GIGABYTE is one for keeping things powered. In fact, the new GIGABYTE top end boards come with 24 power phases for the CPU alone. That's extremely impressive from an overclocking stand point and this board would be ideal for clean voltages at ultra high speeds using LN2 cooled rigs. To keep things cool the Mosfets for the 24 phases are cooled by a heatpipe assembly that cools the P55 single chip, Southbridge/controller hub and the additional SATA controller chips.
Moving along, we have our storage connectors; this is where things change from the P55-UD6 which had six blue and four white connectors. There are six blue connectors, but only two white connectors. The reason for this is that the white connectors are run off a new Marvell PCI Express to SATA-III controller chip.
This chip is connected in to the board in a rather funny way. If you decide to run this chip, or the PCIe based USB 3 controller that the board also has, you will not only experience degraded graphics performance, but also one of the two chips must surrender to a x1 connection. How GIGABYTE has worked this is if you enable either chip at full speed, eight lanes for the lynnfield CPU's PCI Express controller (the same one that gives the graphics cards its PCIe connectivity) are diverted to the chip the user selects in the BIOS to run at the higher speed.
Unfortunately the P55 chipset itself has no PCIe gen 2.0 lanes on it and therefore doesn't have enough bandwidth to run either controller chip at full speed.

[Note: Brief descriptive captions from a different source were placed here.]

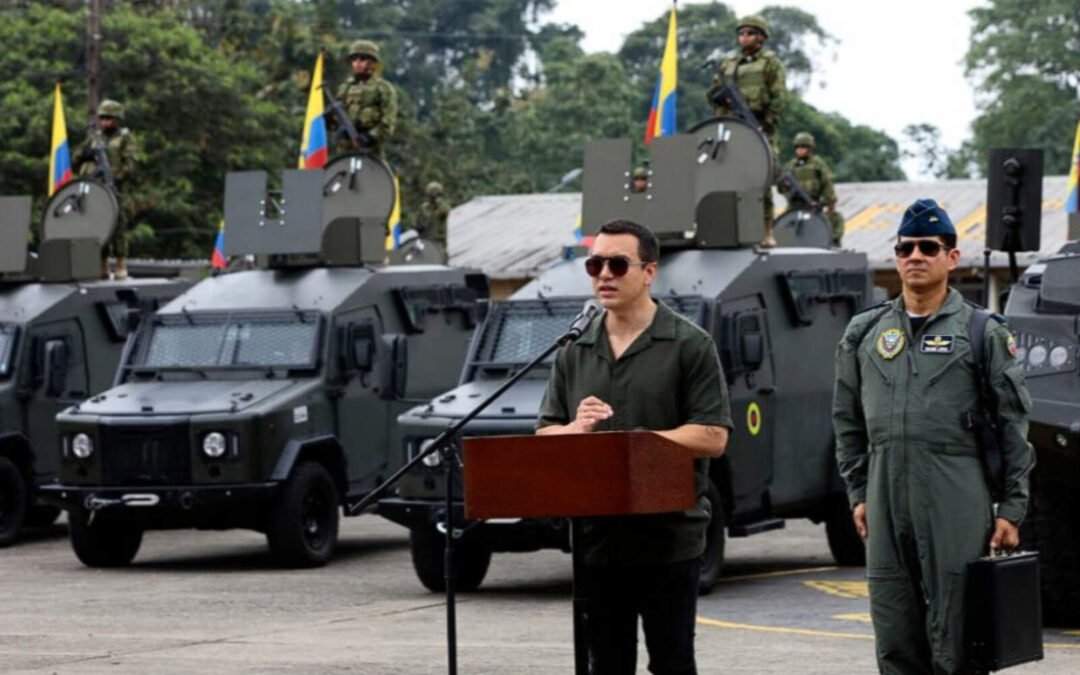 El presidente Noboa entregó vehículos tácticos para fortalecer la seguridad nacional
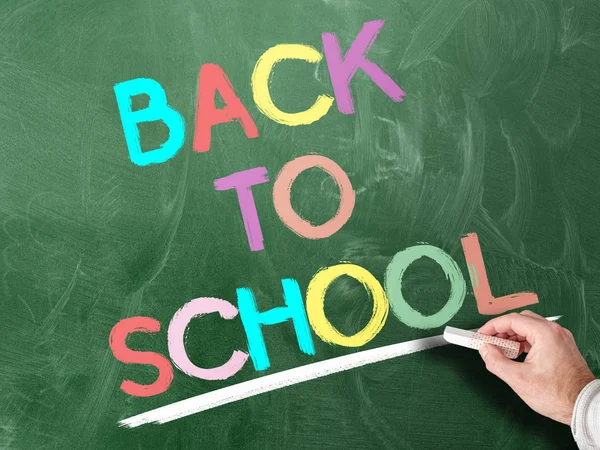 Palavras coloridas de volta à escola escrito em quadro-negro — Fotografia de Stock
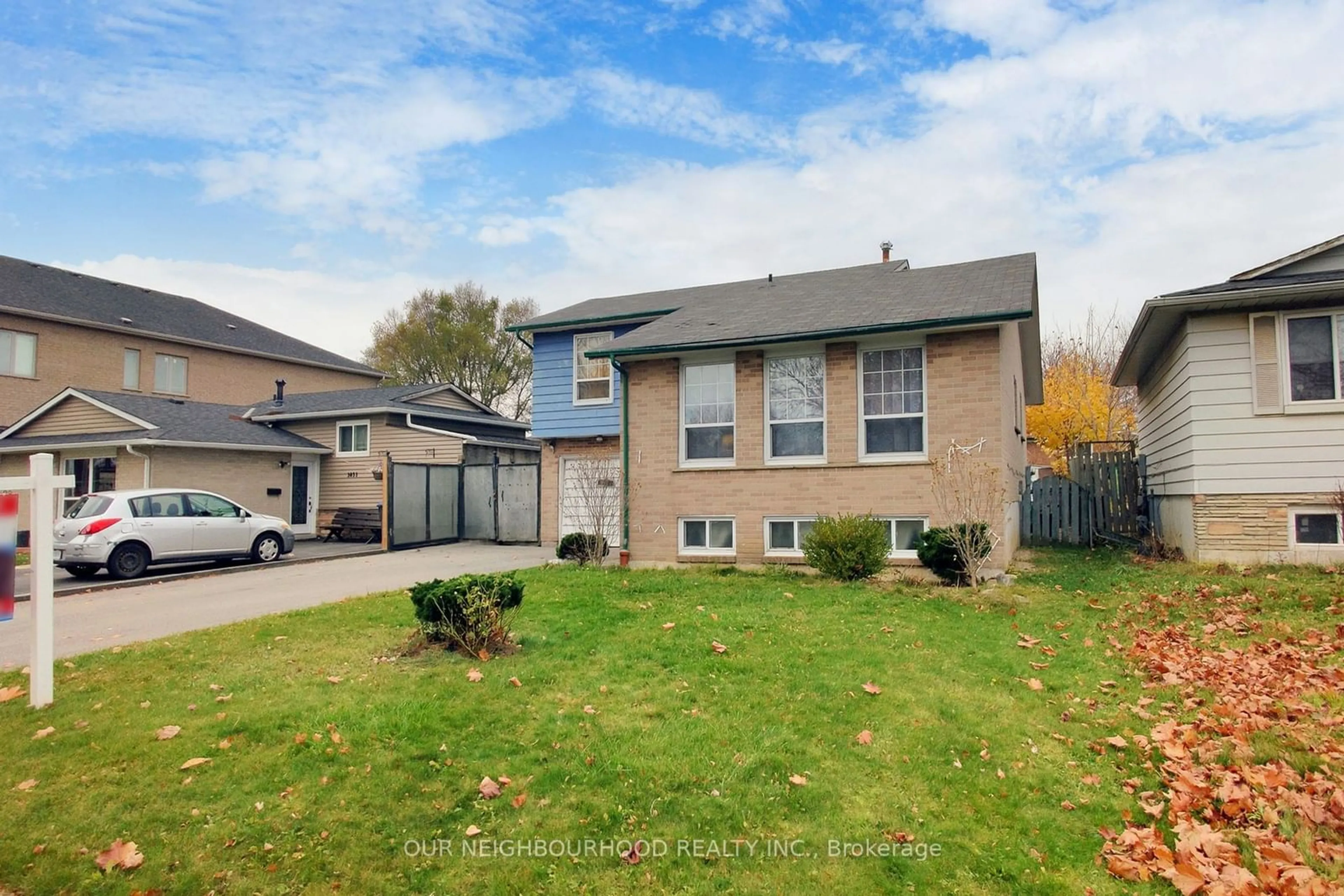 Unknown for 3037 Lafontaine Rd, Mississauga Ontario L4T 1Z4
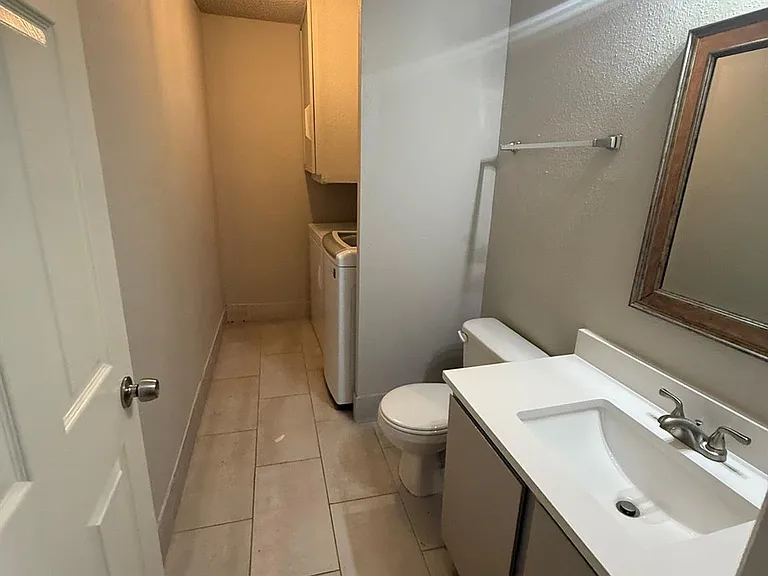 5329 Pinewilde Dr — Photo 10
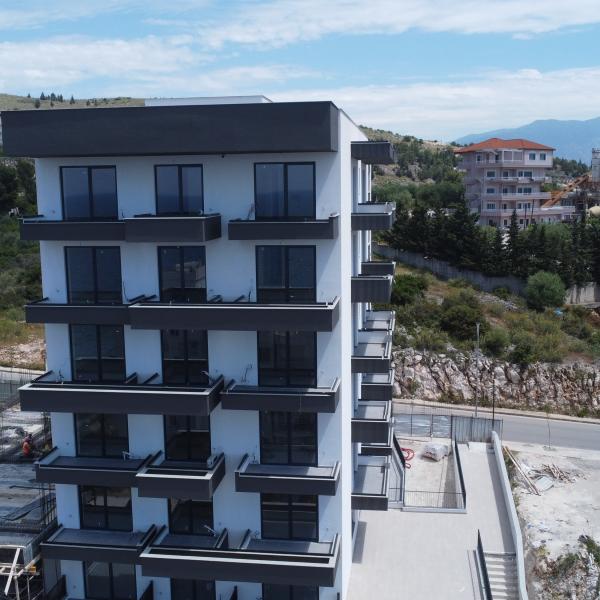 2+1 Seaview Apartment for Sale in Saranda – Ideal Property for Living or Investment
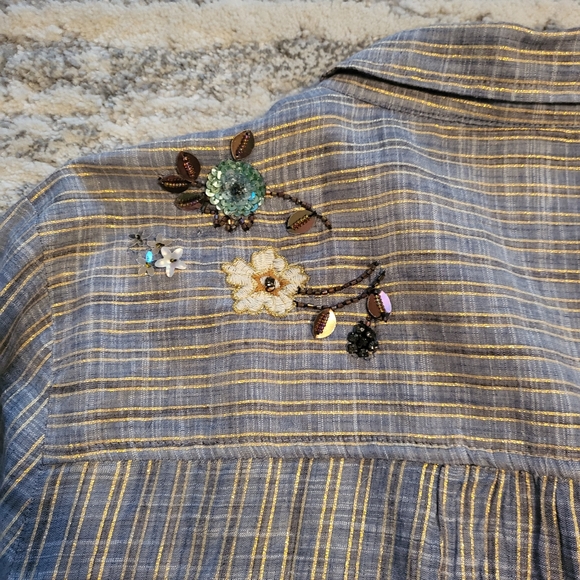 Beautiful HD from Anthropologie linen blouse - Picture 6 of 11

Only X58 has enough lanes to run a graphics card at full speed as well as run both controllers at full speeds. This hopefully will be resolved in later revisions with a PLX PCIe controller bridge that ASUS is currently using to get around this problem.
Moving along to the rear I/O, things change a bit. You will notice that the board has the same eSATA/USB combo ports that the P55-UD6 introduced us to, coloured yellow, but there are two blue USB ports as well. These are the USB 3.0 ports controlled by the NEC controller chip. While we are on the subject of the ports, we must mention the 333 system that GIGABYTE introduced. 333 triples the power given to the USB 2.0, USB 3.0 and eSATA power ports. So rather than the max 500mA that USB 2.0 gives, GIGABYTE gives you 1500mA per USB port; more than enough to run an external 2.5" HDD on a single USB cable. USB 3.0 gets more power as does the power of eSATA; 3x as much as specified by the USB and eSATA standards. This is a huge plus.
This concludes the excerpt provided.